→ **AVAILABLE DATA**:
Start of Block

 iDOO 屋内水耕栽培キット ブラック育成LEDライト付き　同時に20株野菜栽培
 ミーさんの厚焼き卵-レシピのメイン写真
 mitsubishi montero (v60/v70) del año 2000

End of Block
Start of Block

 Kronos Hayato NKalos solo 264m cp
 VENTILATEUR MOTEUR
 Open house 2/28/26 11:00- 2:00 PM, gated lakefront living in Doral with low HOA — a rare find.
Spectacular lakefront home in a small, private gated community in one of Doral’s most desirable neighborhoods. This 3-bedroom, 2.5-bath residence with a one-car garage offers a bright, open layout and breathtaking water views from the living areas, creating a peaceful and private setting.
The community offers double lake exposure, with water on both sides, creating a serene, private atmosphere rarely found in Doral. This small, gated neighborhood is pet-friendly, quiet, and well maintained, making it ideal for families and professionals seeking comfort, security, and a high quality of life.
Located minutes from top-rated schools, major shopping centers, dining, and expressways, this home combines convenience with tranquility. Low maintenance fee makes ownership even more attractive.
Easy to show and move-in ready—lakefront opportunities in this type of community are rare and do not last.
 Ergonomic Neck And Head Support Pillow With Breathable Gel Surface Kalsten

End of Block

→ **WHAT TO DO**:
Working from the records above, write out verbatim only the lines from the line containing "Kronos Hayato NKalos solo 264m cp" through the line containing "Spectacular lakefront home".

→ **OUTPUT OF THE EXERCISE**:
 Kronos Hayato NKalos solo 264m cp
 VENTILATEUR MOTEUR
 Open house 2/28/26 11:00- 2:00 PM, gated lakefront living in Doral with low HOA — a rare find.
Spectacular lakefront home in a small, private gated community in one of Doral’s most desirable neighborhoods. This 3-bedroom, 2.5-bath residence with a one-car garage offers a bright, open layout and breathtaking water views from the living areas, creating a peaceful and private setting.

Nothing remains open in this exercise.